What Can We Do About Climate ChangePosted on November 22, 2016 | posted by: student
We have already warmed the climate by about one degree Celsius, and this one degree has already caused shrinkage in land mass, the escalating number of sea refugees, the loss of habitats, food security issues and so on. In the past 20 years, because of the too-long-delayed feedback from the planet and our underestimation, we didn’t think one degree Celsius would be enough to really change things.
Even worse, because we have already put greenhouse gases into the atmosphere and heat into the ocean with emissions is still rising, and fossil fuel industry is still expanding, the escalation, being a reinforcing feedback loop of the planet’s physical system, will exponentially speed up climate change. The average temperature will rise right past three and four degrees Celsius at a faster speed. And if nothing is done, the spiral will be stopped by something’s collapse, and there are already thousands of people who have died from the heatwave in Europe.
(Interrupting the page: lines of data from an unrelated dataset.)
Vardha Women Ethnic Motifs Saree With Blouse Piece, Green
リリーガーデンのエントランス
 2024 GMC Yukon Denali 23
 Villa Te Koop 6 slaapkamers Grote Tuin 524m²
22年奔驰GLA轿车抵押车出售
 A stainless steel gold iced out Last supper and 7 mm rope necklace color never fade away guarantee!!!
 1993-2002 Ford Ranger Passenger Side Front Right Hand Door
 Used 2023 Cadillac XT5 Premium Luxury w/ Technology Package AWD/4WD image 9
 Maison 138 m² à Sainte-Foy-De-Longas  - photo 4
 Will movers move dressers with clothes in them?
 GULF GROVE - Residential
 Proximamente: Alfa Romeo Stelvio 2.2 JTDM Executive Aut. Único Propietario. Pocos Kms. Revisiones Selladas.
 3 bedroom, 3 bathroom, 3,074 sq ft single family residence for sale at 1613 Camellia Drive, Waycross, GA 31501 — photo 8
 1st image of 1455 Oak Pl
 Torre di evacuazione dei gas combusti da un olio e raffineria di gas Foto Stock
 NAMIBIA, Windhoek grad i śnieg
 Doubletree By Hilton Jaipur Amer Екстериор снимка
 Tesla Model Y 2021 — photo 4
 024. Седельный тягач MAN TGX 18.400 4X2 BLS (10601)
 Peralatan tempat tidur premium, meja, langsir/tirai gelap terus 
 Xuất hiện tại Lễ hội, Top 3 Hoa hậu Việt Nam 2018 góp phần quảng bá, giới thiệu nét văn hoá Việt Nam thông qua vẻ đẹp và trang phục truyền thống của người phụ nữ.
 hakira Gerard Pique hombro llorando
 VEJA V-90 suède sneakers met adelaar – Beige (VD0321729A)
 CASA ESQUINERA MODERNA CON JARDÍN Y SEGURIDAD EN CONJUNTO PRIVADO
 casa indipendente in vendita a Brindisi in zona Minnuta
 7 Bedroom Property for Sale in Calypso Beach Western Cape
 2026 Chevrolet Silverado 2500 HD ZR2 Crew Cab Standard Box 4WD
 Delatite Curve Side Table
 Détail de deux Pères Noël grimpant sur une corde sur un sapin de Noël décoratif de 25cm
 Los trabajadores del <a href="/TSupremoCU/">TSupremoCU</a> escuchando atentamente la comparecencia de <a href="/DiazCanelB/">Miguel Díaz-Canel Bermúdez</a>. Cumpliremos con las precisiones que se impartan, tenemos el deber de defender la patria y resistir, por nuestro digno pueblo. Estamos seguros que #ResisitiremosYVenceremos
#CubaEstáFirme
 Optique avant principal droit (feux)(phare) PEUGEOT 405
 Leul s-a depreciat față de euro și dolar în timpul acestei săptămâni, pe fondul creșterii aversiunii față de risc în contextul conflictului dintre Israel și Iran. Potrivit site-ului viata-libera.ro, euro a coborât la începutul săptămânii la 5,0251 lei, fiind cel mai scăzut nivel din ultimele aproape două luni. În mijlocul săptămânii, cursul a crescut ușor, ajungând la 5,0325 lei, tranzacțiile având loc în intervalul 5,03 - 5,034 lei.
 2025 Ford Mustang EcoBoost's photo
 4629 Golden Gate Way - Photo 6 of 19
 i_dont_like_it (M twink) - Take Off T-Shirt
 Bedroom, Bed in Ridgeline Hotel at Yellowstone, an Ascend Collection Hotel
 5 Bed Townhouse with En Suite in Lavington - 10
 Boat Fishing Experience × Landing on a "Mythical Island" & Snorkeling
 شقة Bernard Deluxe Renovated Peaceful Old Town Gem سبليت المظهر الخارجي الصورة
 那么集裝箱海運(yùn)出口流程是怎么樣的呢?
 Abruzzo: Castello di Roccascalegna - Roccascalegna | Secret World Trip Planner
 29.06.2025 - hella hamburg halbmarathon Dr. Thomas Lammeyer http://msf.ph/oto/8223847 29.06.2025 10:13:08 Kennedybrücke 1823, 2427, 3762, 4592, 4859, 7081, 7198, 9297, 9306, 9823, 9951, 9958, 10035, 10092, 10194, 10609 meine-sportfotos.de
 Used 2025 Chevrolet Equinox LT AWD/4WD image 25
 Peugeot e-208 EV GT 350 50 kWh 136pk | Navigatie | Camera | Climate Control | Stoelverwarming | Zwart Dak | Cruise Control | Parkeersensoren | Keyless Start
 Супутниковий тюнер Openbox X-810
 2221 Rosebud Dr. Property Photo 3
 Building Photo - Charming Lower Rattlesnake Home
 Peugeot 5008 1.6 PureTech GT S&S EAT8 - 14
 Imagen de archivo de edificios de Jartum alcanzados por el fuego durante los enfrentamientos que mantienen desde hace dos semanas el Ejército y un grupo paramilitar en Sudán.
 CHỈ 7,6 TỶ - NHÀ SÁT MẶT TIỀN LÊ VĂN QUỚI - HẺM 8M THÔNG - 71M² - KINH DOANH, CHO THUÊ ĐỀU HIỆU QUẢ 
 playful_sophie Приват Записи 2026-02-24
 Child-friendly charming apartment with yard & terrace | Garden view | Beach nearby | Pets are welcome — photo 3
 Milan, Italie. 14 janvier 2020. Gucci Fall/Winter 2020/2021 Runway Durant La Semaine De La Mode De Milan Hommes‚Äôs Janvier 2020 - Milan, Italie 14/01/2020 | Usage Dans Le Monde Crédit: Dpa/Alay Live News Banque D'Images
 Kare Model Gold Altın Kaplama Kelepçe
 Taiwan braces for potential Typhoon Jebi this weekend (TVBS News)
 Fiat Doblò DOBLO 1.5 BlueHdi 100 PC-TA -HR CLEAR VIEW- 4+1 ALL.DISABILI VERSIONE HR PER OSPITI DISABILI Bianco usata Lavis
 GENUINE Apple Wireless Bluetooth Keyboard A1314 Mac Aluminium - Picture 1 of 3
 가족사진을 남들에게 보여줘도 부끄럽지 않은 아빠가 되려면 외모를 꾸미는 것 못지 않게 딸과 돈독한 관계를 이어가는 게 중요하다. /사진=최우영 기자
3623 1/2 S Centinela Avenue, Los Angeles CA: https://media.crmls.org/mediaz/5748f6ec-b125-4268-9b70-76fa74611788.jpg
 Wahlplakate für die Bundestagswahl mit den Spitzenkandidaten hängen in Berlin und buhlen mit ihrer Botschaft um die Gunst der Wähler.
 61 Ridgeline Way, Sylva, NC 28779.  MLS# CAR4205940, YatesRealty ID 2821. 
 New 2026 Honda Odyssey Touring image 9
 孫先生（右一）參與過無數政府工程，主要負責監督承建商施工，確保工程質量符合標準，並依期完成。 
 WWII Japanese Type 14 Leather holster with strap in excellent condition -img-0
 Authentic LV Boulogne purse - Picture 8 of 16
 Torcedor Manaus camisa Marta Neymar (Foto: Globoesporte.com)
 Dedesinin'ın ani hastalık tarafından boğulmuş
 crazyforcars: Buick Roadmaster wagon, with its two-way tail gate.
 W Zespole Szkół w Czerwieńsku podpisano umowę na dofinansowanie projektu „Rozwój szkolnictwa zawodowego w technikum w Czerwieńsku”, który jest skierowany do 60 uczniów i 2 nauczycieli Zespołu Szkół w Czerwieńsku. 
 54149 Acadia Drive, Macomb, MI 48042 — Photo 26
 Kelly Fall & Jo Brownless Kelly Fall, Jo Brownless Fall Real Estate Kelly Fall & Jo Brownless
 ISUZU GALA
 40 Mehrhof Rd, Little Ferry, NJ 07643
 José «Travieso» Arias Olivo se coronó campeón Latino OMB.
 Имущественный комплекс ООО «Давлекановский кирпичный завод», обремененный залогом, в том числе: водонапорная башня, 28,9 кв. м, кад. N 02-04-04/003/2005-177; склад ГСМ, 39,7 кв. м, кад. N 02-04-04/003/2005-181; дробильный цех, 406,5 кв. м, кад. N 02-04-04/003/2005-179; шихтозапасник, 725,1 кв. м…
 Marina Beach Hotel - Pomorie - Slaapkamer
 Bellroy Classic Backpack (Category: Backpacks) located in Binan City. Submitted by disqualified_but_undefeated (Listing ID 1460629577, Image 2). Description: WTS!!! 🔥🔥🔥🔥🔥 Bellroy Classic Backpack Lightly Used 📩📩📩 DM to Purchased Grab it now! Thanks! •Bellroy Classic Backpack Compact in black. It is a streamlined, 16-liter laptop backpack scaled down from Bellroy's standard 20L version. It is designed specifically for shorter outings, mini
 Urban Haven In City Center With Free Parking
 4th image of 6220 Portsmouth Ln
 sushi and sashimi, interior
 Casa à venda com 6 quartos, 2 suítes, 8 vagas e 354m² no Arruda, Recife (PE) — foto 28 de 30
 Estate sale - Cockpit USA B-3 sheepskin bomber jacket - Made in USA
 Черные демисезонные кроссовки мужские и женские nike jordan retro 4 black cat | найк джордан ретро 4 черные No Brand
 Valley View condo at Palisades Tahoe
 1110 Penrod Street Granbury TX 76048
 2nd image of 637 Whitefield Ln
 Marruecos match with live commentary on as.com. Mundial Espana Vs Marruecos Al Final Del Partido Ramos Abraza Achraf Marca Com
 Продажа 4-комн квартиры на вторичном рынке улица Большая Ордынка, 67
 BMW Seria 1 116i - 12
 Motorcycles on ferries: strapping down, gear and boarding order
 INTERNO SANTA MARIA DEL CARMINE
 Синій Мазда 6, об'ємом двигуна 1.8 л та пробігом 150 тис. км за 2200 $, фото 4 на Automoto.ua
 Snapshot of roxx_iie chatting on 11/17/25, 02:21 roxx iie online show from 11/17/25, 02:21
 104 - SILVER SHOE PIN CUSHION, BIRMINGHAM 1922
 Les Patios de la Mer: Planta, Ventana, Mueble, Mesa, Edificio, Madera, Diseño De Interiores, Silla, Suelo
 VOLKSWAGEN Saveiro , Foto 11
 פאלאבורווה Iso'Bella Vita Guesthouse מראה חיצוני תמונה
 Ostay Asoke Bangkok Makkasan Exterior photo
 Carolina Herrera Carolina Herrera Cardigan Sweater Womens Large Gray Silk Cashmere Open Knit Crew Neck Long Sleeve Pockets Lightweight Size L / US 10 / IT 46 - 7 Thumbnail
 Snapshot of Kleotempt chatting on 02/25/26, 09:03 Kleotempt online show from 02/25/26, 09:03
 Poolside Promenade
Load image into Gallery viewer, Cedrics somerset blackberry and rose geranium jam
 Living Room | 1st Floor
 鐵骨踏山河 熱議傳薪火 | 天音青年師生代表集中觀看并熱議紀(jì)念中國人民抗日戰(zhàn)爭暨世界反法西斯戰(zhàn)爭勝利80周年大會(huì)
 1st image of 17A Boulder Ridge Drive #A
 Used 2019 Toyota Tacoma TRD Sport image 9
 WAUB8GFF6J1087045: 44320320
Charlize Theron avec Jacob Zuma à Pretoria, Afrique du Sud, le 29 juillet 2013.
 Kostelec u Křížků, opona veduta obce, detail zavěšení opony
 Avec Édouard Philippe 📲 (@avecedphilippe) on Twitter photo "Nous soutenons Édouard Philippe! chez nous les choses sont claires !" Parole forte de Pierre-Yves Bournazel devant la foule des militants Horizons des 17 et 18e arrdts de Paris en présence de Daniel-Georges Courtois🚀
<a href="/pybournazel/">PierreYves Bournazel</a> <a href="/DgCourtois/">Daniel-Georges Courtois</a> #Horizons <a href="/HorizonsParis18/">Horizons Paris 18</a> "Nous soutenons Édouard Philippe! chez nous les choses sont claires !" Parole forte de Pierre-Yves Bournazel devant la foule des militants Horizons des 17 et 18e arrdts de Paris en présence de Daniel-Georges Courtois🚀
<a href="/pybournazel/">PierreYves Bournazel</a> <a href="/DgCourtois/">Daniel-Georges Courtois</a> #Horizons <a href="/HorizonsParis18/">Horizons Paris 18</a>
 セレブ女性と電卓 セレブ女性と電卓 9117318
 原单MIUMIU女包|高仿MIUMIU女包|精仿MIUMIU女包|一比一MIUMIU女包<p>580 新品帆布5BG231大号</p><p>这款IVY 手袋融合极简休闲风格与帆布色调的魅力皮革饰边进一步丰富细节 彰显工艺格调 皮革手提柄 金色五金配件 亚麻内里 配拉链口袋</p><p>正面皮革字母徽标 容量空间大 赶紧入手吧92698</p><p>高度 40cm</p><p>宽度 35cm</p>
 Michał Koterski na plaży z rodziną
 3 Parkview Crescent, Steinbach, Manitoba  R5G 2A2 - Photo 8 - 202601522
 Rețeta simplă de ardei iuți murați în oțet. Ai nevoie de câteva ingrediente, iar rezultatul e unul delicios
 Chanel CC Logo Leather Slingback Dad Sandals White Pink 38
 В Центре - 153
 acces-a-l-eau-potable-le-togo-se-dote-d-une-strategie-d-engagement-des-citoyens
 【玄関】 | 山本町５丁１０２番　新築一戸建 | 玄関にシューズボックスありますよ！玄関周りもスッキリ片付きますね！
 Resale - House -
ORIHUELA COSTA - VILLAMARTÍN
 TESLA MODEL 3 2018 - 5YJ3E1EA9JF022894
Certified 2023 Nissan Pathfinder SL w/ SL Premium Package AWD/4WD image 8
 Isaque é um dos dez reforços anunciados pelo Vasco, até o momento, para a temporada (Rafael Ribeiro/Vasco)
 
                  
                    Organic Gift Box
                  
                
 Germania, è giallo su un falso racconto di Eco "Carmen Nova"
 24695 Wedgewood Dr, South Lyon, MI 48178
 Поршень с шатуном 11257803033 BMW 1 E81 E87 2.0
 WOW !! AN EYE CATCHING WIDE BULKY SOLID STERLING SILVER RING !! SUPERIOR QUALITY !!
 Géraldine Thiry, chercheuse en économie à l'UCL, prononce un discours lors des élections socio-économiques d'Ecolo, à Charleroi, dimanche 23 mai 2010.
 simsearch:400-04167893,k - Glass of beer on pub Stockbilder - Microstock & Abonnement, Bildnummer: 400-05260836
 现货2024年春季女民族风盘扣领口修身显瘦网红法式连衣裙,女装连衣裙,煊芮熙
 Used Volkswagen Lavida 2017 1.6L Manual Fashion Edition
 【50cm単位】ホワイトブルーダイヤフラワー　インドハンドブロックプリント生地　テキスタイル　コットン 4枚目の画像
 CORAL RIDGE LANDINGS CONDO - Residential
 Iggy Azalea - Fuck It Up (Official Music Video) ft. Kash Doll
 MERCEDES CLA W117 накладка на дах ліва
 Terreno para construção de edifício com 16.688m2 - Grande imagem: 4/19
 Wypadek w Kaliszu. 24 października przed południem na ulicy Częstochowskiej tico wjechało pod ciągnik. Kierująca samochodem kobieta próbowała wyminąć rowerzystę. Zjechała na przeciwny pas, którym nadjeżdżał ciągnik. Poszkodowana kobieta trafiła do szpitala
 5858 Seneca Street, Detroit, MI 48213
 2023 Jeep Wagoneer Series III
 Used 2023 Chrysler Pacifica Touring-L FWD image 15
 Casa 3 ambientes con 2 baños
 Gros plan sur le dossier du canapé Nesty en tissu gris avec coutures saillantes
Although there is nothing that can be done to stop all this from happening, we can’t stop making progress just as we can’t stop loving all the things around us.
Top-down vs. Emergence
We have already seen the slowness and profit-driven nature of the top-down strategy: national level’s governance on climate change. At the COP(International Climate Conference) 2015 in Copenhagen, no one could decide what to do about climate change. Corporation-controlled parties deny the fossil fuel connection to climate change.
Luckily and certainly, emerging individuals, organizations, communities, small entrepreneurs and media (such as the documentary itself) are joining the battle against climate change. The indigenous people in Sarayaku were standing on the front lines, used their cameras to record the oil company with military forces, and intervened with the policy making by upgrading the case into the inter-American Court of Human Rights. These battlers are scattered around the world with the same strong purpose, and the number of them is growing because of the power of emergence.
Calculable Results vs. Incalculable Effects
As Donella pointed out in her book Thinking in Systems: “If we reward ourselves on our ability to produce quantity, then quantity will be the result.” The air pollution in China is the consequence of industrialization and the government’s single-minded pursuit of economic growth—the numbers.
Meanwhile we are fortunate to see that true democracy and environmental sustainability exist in some places in Vanuatu and Zambia. These places are more like organic environments, where they have more imprints of collective behaviors of local residents. Local residents debate and make their voices heard at the public square, and they behave from learning each other.
In the huge planet’s physical system, every single piece is interconnected with others in their own and/or crossing systems. Energy production is not isolated from social issues, economics, politics, even emotion’s system. We are trying to meet our emotional needs only with consumer goods, but they are not making us happier.